Processing of the p105 NF-κB precursor to yield the p50 active subunit is a unique and rare case in which the ubiquitin system is involved in limited processing rather than in complete destruction of its target. The mechanisms involved in this process are largely unknown, although a glycine repeat in the middle of p105 has been identified as a processing stop signal. IκB kinase (IKK)β-mediated phosphorylation at the C-terminal domain with subsequent recruitment of the SCF^β-TrCP ubiquitin ligase leads to accelerated processing and degradation of the precursor, yet the roles that the kinase and ligase play in each of these two processes have not been elucidated. Here we demonstrate that IKKβ has two distinct functions: (i) stimulation of degradation and (ii) stimulation of processing. IKKβ-induced degradation is dependent on SCF^β-TrCP, which acts through multiple lysine residues in the IκBγ domain.
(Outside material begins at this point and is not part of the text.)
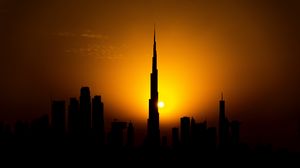 Preview wallpaper sunset, city, building, silhouette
In contrast, IKKβ-induced processing of p105 is β-transduction repeat-containing protein (β-TrCP) independent, as it is not affected by expression of a dominant-negative β-TrCP or following its silencing by small inhibitory RNA. Furthermore, removal of all 30 lysine residues from IκBγ results in complete inhibition of IKK-dependent degradation but has no effect on IKK-dependent processing. Yet processing still requires the activity of the ubiquitin system, as it is inhibited by dominant-negative UbcH5a. We suggest that IKKβ mediates its two distinct effects by affecting, directly and indirectly, two different E3s.